When I have needed to bring more hands on deck to support my business in the past, I’ve often found myself stuck in analysis paralysis. It’s never simply the choice of who to bring on—it’s what type of engagement, and what standards and boundaries are going to define that relationship. Different types of hired help come with different risks, benefits, and liabilities. It’s crucial to nail this choice with thought and careful deliberation. Leaders who fail to recognize all of their options are inevitably left with burned bridges, a sour taste in their mouths, and loads of wasted time, money and energy that could have been funneled into new projects. When expanding your team, you have three basic options upon which to build a working relationship: a staff position, a freelance contract, or an internship. What’s it going to be? Full Time Internship or Freelance?
A freelancer is always going to be your only viable option if the project is finite and limited. Do you really need a bigger team, or do you need a professional with a niche skillset for a very specific project you need done? The pros of using freelancers is that little to no training (and therefore time or money) is needed to get them up and running other than acquainting them with your project and laying down the ground rules. (And do not, I repeat, DO NOT ever enter into an engagement with a freelancer without at least a simple contract or scope of work signed by both parties that lays out the expectations of the project beforehand. You do not ever want to find out that you are not on the same page when you are hundreds of dollars and dozens of hours deep into a railroaded project.)
Freelancers are often comfortable with remote working arrangements as well, expanding your candidate pool beyond your immediate area. If you spend the time to do your research and find someone who comes qualified and well recommended, you may also find that freelancers do better work in general, as the success of their business is at stake, rather than simply your own.

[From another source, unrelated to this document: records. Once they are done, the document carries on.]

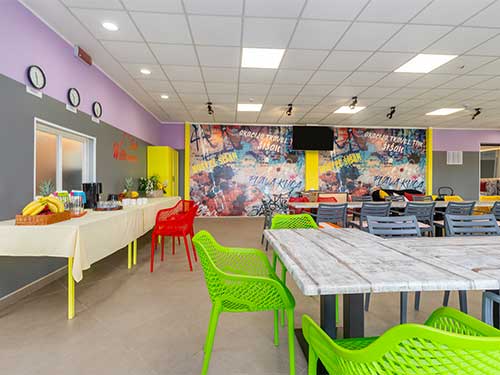 Wanderlust Istra Hostel - ein Gesellschaftsraum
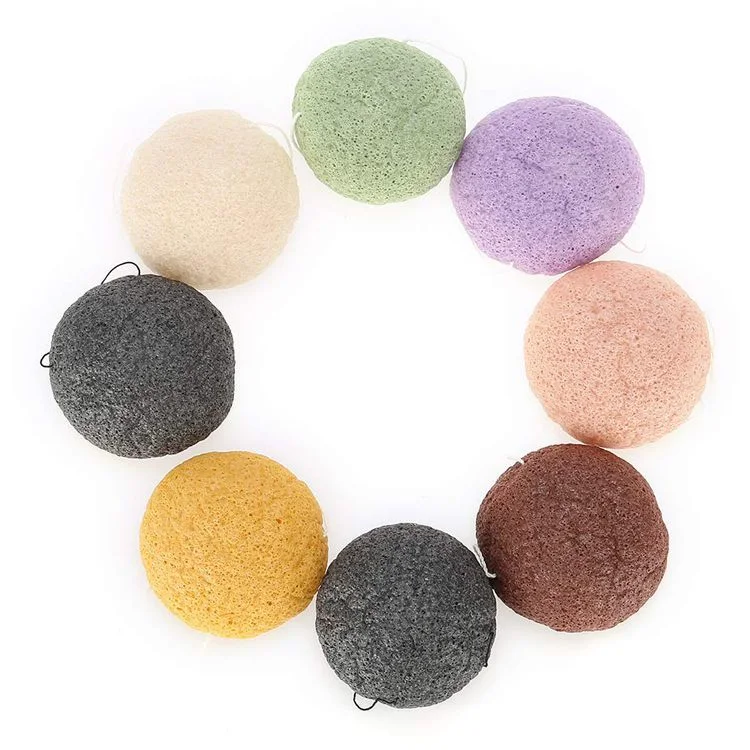 Face Exfoliation Cleaning Sponge Facial Sponge Puff 100% Natural Facial Scrub Face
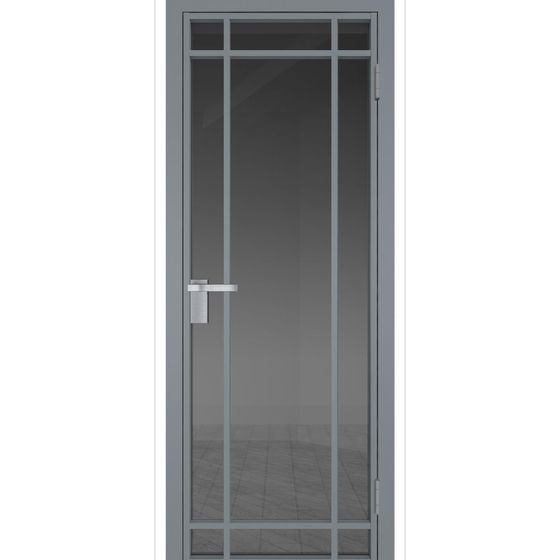 Межкомнатная дверь алюминиевая Profil Doors 5AG серебро остеклённая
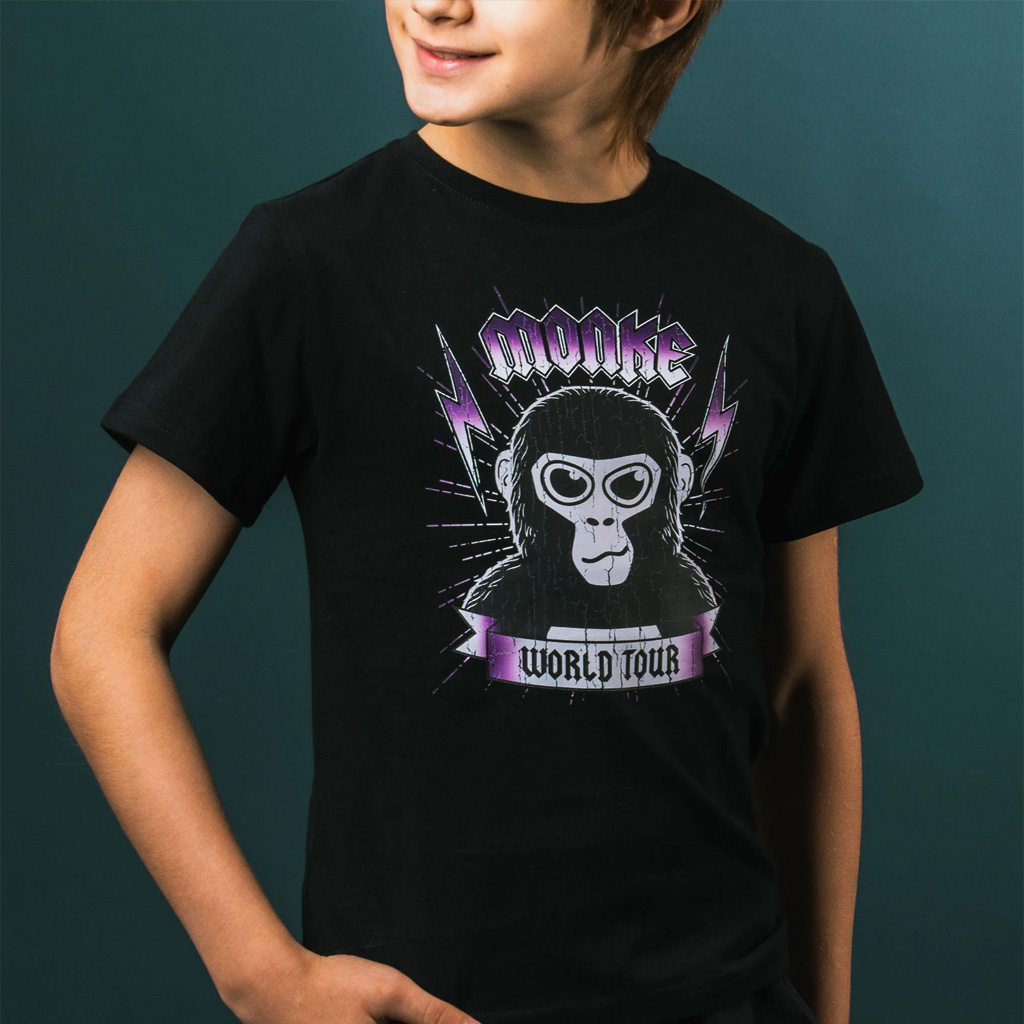 Gorilla Tag Merch Monke World Tour T-Shirt Best Birthday Gifts For Boys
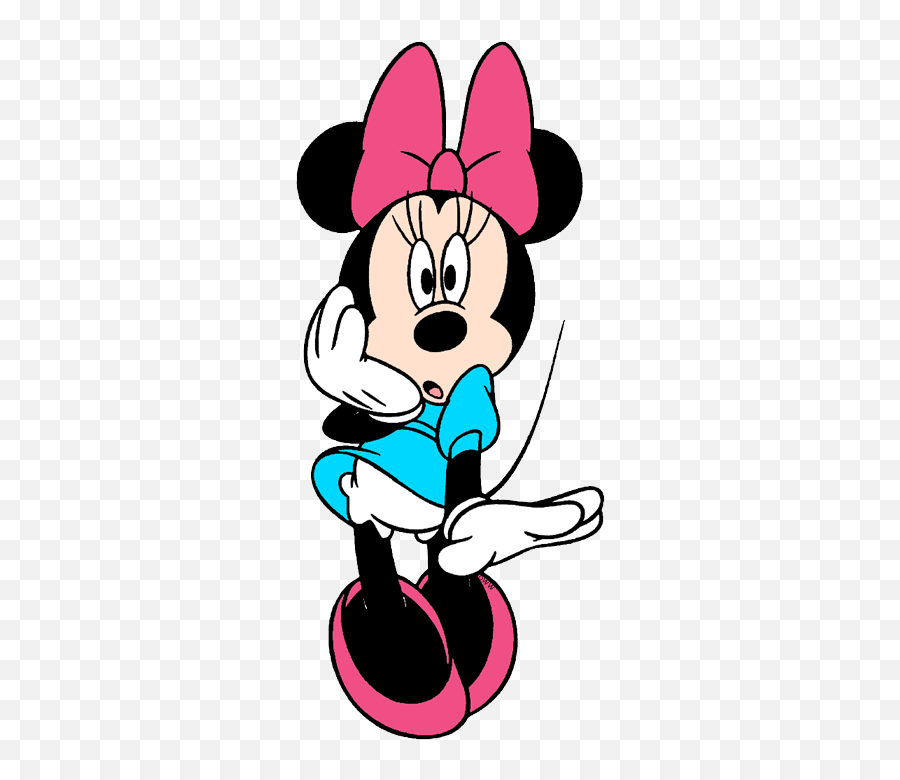 Minnie Mouse Face Clipart Emoji,Shocked Face Clipart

And don’t think that freelancers are just moonlighting college kids, either: Forbes describes the typical freelancer as “…a Gen-Xer with at least 10 years of experience, commanding over $24 an hour, and 14% make over $100k a year.” Drawbacks for a freelance arrangement include a loss of control of how the work is done, and an inability to directly supervise. There is also no guarantee that your freelancer will be available from one project to the next without paying out the nose for a non-compete agreement, and when your freelancer leaves, the time and energy you’ve spent training them leaves with them.
Internships have changed a lot recently. The 2008 crash left many new grads fighting to compete for scarce jobs with a huge pool of newly unemployed experienced professionals. With the increasing desperation of new workers to gain any kind of professional experience to pad their resumes, many sleazy companies took the opportunity to create manipulative “internships” that offered little more than the expectation of free labor. To my constant chagrin, I see that the idea has stuck around like a grease stain, and many companies now seem to think that an intern is just a person they can get to do free or cheap labor.
I once had a conversation with a small business owner who needed social media work done to promote his growing venue, but he had neither the skills to do it himself nor the budget to pay a professional. “I know!!” he told me with excitement, “I’ll turn it into an internship!” I diplomatically avoided pointing out that it is disingenuous, to say the least, to offer a supposed “internship” when what you really want is free labor. I did, however, point out that an intern wouldn’t have the skills he was looking for, but would expect to be trained to do what he couldn’t do himself in the first place. He also didn’t have the free time to set up any sort of accreditation with a potential intern’s school to ensure that the proper college credits and stipend opportunities were available to them. (It seemed that the idea of the intern receiving academic credit or a stipend or—any benefit whatsoever, really—had tragically not occurred to him.) Of course, it is absolutely possible to arrange a mutually beneficial internship.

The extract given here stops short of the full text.